With 28 partners across eight European countries and a budget of €25 million, the project has designed systems to dynamically adapt the level of automation to suit actual road conditions. It has also addressed important legal and regulatory questions required for market introduction.

During the three-year project, the Institute for Transport Studies was one of the six research institutes to conduct extensive user studies, exploring how people interact with automated driving systems. The ITS team were involved in shaping the human factors elements of the project, using the University of Leeds Driving Simulator. Studies examined the time it takes drivers to resume control from an automated system in emergency situations, the effect of secondary tasks on performance, and drivers’ preferences for different lane-changing systems.

Professor Natasha Merat, ITS’ lead researcher for AdaptIVe adds:  
“Using the safe and highly controllable simulator environment we were able to study driver response to critical scenarios, using new methods to artificially reduce their perception of the driving scenario and take them ‘out of the loop’. Understanding how drivers return to the loop and resume control from automation, and how their attention is divided between the different vehicle controls and the road, will allow manufacturers to design Human Machine Interfaces for safe and effective interaction between humans and automated vehicles. 

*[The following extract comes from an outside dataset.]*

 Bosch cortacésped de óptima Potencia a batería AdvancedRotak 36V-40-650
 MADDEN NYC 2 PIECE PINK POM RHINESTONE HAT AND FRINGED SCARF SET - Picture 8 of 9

The project has culminated with a final event in Aachen, Germany, where an automated truck and eight different classes of automated car were demonstrated in settings ranging from a test track to garage parking and public roads. AdaptIVe has paved the way for further testing of automated vehicles in real-life traffic and highlighted the role of partnership between the automotive industry and universities in developing and testing user-friendly technology.  Read more at www.AdaptIVe-ip.eu

Adaptive logo

 

Project facts 

Budget: €25 million co-funded by the European Union.
Duration: January 2014 - June 2017.
Coordinator: Volkswagen Group Research.
Partners: 28 partners from 8 countries - France, Germany, Greece, Italy, Spain, Sweden, The Netherlands, United Kingdom.
OEMs: Volkswagen AG (Coordinator), Adam Opel GmbH, BMW Group, CRF - the Research Center of FCA, Daimler AG, Ford, PSA Group, RENAULT, Volvo Car Corporation, Volvo Group.
Suppliers: Continental, Delphi Deutschland GmbH, Robert Bosch GmbH.
SMEs: Alcor, European Center for Information and Communication Technologies – EICT GmbH.
Research Institutes and Universities: Chalmers, German Aerospace Center DLR, ika RWTH Aachen University, Institute of Communication and Computer Systems ICCS, Julius-Maximilians Universität Würzburg, Lund University, Nederlandse Organisatie Voor Toegepast Natuurwetenschappelijk Onderzoek - TNO, The Federal Highway Research Institute BASt, The Galician Automotive Technological Centre CTAG, University of Leeds, WIVW Würzburger Institut für Verkehrswissenschaften GmbH.